[Saved entries]

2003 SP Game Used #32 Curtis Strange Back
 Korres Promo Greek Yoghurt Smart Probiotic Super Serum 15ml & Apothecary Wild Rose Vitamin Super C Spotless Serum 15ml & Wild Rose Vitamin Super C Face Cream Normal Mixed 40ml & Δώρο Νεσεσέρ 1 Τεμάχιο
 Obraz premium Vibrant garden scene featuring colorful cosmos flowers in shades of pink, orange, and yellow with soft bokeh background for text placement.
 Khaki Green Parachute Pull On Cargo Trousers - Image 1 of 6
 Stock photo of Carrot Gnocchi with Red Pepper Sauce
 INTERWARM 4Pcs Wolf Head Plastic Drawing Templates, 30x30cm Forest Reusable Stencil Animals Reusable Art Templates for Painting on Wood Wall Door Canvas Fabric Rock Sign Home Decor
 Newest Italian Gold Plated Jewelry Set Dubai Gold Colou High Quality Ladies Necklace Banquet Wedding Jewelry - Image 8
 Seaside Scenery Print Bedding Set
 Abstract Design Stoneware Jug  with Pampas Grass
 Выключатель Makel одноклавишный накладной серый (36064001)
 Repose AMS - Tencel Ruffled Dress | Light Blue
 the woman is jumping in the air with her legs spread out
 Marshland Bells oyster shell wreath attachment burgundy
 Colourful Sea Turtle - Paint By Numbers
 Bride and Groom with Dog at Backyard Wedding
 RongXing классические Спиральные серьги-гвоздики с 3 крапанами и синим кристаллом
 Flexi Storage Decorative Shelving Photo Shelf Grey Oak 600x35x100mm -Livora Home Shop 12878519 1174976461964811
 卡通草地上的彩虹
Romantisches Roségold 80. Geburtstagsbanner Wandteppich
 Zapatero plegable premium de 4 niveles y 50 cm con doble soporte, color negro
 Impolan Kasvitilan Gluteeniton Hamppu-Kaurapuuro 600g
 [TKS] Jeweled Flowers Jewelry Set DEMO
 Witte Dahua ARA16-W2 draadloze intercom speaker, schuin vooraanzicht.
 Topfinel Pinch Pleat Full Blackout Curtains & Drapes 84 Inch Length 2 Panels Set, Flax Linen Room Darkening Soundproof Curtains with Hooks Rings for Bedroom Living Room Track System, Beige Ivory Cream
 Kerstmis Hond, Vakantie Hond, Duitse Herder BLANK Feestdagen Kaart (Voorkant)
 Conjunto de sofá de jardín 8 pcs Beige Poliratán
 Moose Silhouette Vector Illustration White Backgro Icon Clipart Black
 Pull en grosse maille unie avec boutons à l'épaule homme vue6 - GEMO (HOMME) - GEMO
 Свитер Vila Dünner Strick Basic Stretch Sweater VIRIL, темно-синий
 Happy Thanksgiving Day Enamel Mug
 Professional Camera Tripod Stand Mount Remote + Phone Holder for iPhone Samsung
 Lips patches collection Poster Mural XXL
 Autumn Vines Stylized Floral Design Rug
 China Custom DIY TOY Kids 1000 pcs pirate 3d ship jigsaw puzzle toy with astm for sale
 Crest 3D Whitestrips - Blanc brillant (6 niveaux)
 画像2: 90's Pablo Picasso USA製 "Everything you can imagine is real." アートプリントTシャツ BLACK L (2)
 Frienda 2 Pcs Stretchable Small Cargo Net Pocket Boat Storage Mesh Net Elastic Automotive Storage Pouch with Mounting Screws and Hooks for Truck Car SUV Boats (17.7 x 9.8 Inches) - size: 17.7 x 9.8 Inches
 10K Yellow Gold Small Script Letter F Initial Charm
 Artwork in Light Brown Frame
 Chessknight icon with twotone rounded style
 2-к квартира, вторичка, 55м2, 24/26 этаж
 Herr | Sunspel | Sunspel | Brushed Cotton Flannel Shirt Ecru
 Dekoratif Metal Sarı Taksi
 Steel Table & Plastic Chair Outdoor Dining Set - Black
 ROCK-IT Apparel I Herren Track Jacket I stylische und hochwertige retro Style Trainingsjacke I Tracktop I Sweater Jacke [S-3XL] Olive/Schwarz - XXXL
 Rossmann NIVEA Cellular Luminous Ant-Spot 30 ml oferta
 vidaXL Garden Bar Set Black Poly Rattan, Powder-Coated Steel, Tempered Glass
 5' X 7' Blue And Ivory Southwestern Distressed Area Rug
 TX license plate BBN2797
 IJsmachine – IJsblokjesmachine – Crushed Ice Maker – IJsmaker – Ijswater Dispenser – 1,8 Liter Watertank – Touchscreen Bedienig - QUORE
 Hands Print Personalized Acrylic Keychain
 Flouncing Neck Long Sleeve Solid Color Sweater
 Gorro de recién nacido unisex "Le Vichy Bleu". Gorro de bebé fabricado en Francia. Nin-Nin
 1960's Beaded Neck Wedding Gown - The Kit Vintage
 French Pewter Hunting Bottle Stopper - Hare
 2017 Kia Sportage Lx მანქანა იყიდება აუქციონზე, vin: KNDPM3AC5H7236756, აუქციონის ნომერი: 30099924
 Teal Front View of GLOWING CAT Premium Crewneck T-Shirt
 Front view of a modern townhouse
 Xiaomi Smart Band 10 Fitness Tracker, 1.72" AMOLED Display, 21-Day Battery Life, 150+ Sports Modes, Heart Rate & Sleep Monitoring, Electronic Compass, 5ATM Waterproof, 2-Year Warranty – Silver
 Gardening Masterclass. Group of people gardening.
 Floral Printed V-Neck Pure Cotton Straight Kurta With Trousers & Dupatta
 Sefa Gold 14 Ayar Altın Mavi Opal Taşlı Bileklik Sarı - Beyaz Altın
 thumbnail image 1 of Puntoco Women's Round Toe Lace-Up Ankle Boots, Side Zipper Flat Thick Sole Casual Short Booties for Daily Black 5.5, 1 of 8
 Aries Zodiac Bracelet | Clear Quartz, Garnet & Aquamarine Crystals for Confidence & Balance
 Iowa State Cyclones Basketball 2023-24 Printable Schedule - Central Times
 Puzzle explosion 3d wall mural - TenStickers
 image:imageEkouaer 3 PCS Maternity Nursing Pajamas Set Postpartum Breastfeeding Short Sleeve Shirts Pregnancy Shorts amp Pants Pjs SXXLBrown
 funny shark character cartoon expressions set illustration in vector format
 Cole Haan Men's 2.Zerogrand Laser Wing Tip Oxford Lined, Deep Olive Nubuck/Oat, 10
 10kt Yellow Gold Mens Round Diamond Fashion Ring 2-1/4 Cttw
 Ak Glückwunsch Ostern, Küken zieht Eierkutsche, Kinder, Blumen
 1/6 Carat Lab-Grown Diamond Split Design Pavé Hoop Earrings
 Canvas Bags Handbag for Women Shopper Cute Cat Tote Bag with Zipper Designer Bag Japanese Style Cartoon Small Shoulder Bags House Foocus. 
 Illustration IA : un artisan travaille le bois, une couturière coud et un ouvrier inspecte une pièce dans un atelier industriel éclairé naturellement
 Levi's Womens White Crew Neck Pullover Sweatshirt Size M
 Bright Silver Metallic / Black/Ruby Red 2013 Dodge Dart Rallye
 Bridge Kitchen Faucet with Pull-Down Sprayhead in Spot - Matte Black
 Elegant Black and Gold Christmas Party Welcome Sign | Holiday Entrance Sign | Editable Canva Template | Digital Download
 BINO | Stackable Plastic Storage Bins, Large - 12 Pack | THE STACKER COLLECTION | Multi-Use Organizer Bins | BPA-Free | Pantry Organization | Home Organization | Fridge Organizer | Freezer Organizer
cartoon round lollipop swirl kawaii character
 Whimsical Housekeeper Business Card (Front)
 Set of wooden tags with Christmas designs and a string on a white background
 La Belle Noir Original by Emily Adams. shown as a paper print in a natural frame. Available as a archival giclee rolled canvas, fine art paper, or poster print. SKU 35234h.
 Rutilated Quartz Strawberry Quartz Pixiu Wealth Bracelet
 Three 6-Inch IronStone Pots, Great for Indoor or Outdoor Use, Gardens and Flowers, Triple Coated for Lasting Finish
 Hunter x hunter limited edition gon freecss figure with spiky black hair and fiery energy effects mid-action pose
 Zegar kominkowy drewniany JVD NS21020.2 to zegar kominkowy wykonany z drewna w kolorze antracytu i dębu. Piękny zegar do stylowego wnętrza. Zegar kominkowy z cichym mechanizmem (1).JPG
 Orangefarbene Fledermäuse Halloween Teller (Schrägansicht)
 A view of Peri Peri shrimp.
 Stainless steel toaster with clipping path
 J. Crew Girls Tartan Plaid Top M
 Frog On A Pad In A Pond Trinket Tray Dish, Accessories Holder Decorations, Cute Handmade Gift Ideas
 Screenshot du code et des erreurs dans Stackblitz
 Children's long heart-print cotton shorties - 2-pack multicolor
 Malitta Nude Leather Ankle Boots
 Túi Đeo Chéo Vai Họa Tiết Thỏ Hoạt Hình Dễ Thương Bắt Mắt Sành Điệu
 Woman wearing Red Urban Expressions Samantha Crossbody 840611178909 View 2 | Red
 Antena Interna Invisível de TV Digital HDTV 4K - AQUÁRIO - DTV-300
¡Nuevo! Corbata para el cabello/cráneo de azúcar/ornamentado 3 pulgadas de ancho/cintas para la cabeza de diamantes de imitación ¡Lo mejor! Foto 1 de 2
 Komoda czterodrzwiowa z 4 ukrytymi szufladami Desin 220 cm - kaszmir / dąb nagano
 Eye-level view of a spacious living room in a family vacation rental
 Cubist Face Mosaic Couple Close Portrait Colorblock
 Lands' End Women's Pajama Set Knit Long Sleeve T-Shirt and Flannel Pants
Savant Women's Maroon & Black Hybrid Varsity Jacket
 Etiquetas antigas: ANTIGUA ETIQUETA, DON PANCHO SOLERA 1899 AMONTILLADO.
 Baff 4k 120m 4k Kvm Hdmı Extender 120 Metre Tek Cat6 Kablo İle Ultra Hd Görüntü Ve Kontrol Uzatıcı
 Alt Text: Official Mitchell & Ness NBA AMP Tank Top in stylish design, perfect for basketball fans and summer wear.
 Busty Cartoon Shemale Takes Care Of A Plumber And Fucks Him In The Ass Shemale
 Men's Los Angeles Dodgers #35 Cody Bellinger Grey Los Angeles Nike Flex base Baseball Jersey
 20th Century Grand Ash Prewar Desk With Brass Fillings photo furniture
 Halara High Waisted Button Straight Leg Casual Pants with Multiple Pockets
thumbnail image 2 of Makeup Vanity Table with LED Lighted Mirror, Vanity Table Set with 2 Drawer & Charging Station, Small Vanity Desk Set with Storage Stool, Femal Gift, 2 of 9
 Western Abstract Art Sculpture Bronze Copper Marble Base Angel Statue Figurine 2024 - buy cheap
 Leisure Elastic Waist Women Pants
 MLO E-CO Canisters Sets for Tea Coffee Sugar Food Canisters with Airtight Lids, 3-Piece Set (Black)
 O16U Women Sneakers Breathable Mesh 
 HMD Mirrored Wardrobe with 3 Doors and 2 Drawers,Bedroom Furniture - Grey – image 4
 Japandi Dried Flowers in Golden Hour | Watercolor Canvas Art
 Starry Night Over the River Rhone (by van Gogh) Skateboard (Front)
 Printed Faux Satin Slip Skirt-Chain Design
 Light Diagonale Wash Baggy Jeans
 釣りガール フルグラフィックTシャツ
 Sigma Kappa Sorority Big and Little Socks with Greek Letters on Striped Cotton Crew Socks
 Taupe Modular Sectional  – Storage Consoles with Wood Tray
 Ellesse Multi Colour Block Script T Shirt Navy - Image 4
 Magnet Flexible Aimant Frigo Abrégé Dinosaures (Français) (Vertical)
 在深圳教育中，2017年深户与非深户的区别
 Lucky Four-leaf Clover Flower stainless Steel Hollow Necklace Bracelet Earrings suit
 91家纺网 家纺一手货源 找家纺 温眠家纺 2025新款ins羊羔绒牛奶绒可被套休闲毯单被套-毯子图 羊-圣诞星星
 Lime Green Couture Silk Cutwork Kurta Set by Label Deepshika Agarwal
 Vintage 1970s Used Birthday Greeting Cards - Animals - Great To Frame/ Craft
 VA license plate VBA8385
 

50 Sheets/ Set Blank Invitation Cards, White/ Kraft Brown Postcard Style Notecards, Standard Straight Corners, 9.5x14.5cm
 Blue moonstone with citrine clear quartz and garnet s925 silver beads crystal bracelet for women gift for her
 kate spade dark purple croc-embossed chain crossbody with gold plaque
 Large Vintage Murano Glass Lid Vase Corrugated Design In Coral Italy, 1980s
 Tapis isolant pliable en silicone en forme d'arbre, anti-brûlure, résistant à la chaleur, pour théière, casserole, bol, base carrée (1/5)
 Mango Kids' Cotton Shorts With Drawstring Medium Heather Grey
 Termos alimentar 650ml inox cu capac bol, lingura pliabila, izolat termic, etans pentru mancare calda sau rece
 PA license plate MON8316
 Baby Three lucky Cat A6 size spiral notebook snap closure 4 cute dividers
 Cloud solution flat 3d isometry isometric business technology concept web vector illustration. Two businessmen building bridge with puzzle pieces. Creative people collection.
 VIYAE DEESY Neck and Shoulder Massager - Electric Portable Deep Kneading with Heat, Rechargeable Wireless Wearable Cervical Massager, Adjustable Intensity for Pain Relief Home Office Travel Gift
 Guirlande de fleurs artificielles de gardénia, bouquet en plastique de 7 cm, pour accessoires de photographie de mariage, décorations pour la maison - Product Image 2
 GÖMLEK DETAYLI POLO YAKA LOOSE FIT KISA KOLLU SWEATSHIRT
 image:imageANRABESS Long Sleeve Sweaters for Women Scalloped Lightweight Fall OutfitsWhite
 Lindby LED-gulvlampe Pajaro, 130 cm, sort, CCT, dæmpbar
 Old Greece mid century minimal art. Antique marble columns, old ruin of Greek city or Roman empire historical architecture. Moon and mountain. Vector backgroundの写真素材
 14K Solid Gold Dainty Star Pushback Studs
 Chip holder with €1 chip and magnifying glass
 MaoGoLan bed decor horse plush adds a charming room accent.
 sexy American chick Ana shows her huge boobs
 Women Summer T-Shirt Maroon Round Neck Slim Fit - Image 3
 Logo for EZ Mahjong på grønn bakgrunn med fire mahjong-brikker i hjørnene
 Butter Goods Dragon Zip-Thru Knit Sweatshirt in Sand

TRY IT:
Above are the records; print exactly the lines from the line with "Hands Print Personalized Acrylic Keychain" to the line with "10kt Yellow Gold", including both, and nothing else.

EXERCISE OUTPUT:
 Hands Print Personalized Acrylic Keychain
 Flouncing Neck Long Sleeve Solid Color Sweater
 Gorro de recién nacido unisex "Le Vichy Bleu". Gorro de bebé fabricado en Francia. Nin-Nin
 1960's Beaded Neck Wedding Gown - The Kit Vintage
 French Pewter Hunting Bottle Stopper - Hare
 2017 Kia Sportage Lx მანქანა იყიდება აუქციონზე, vin: KNDPM3AC5H7236756, აუქციონის ნომერი: 30099924
 Teal Front View of GLOWING CAT Premium Crewneck T-Shirt
 Front view of a modern townhouse
 Xiaomi Smart Band 10 Fitness Tracker, 1.72" AMOLED Display, 21-Day Battery Life, 150+ Sports Modes, Heart Rate & Sleep Monitoring, Electronic Compass, 5ATM Waterproof, 2-Year Warranty – Silver
 Gardening Masterclass. Group of people gardening.
 Floral Printed V-Neck Pure Cotton Straight Kurta With Trousers & Dupatta
 Sefa Gold 14 Ayar Altın Mavi Opal Taşlı Bileklik Sarı - Beyaz Altın
 thumbnail image 1 of Puntoco Women's Round Toe Lace-Up Ankle Boots, Side Zipper Flat Thick Sole Casual Short Booties for Daily Black 5.5, 1 of 8
 Aries Zodiac Bracelet | Clear Quartz, Garnet & Aquamarine Crystals for Confidence & Balance
 Iowa State Cyclones Basketball 2023-24 Printable Schedule - Central Times
 Puzzle explosion 3d wall mural - TenStickers
 image:imageEkouaer 3 PCS Maternity Nursing Pajamas Set Postpartum Breastfeeding Short Sleeve Shirts Pregnancy Shorts amp Pants Pjs SXXLBrown
 funny shark character cartoon expressions set illustration in vector format
 Cole Haan Men's 2.Zerogrand Laser Wing Tip Oxford Lined, Deep Olive Nubuck/Oat, 10
 10kt Yellow Gold Mens Round Diamond Fashion Ring 2-1/4 Cttw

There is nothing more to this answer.